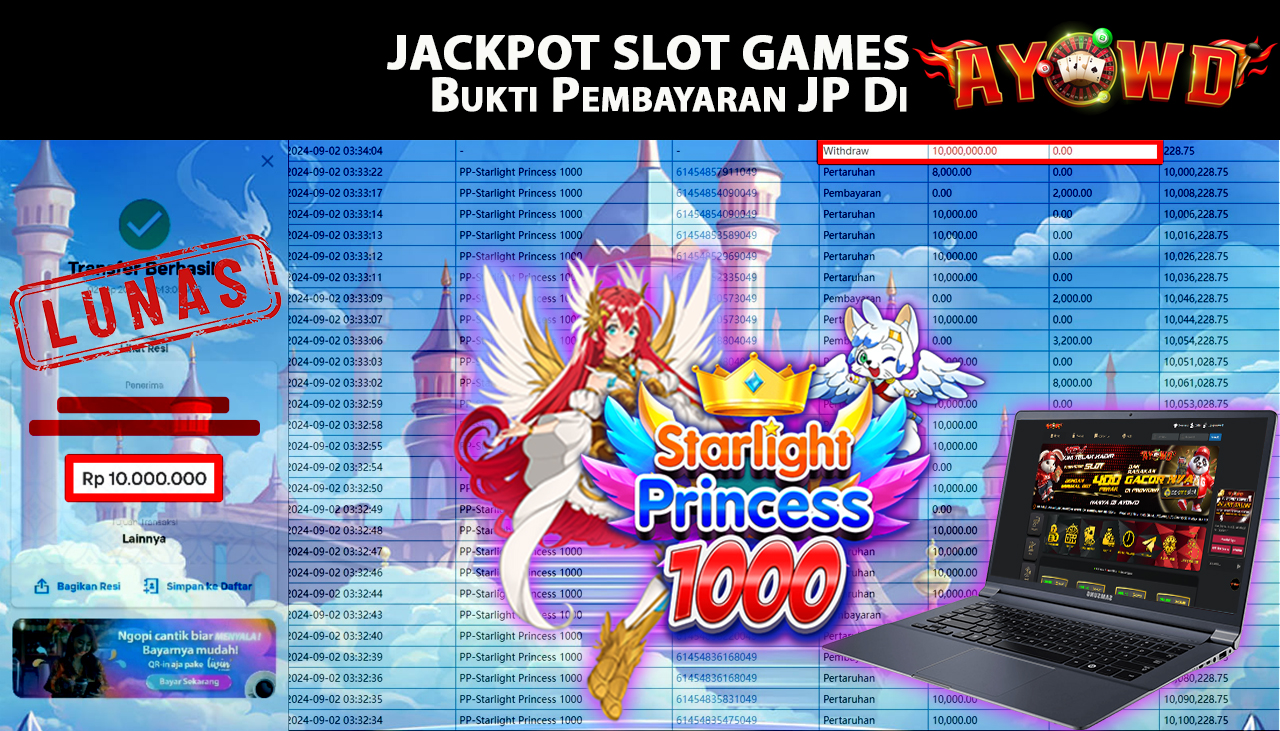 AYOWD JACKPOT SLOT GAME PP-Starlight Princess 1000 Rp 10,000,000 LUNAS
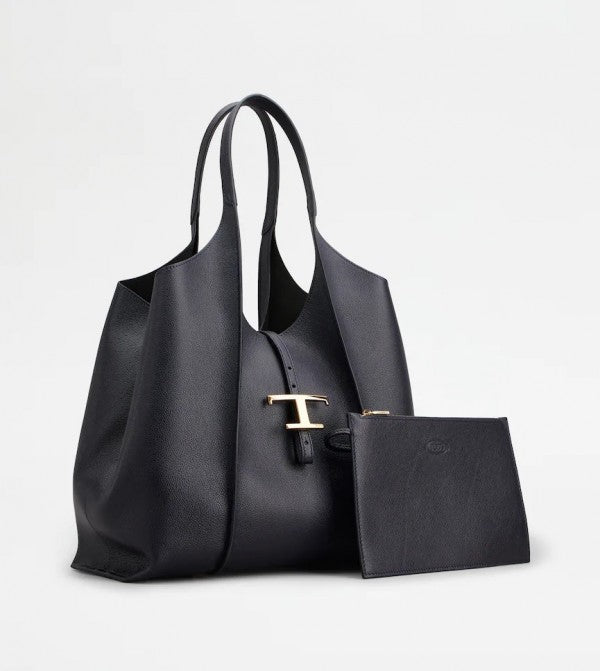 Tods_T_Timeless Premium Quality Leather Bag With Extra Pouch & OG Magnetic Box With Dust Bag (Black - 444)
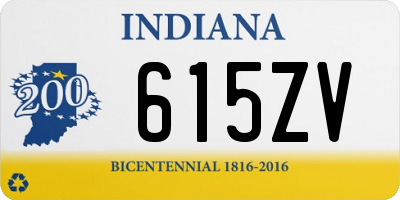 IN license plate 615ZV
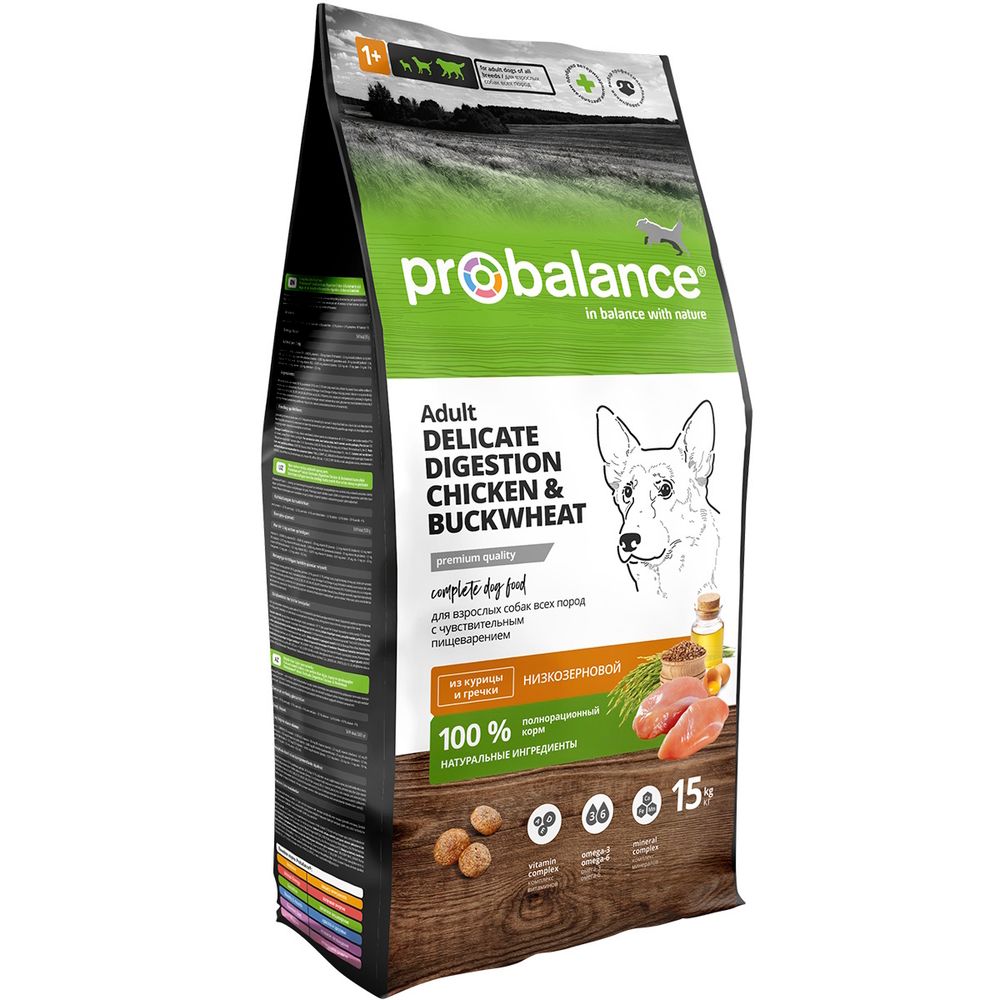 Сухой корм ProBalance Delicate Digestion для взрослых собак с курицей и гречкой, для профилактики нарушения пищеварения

TASK DIRECTIONS: Return every line above exactly, omitting images.

RESULT FOR THIS TASK:
 AYOWD JACKPOT SLOT GAME PP-Starlight Princess 1000 Rp 10,000,000 LUNAS
 Tods_T_Timeless Premium Quality Leather Bag With Extra Pouch & OG Magnetic Box With Dust Bag (Black - 444)
 IN license plate 615ZV
 Сухой корм ProBalance Delicate Digestion для взрослых собак с курицей и гречкой, для профилактики нарушения пищеварения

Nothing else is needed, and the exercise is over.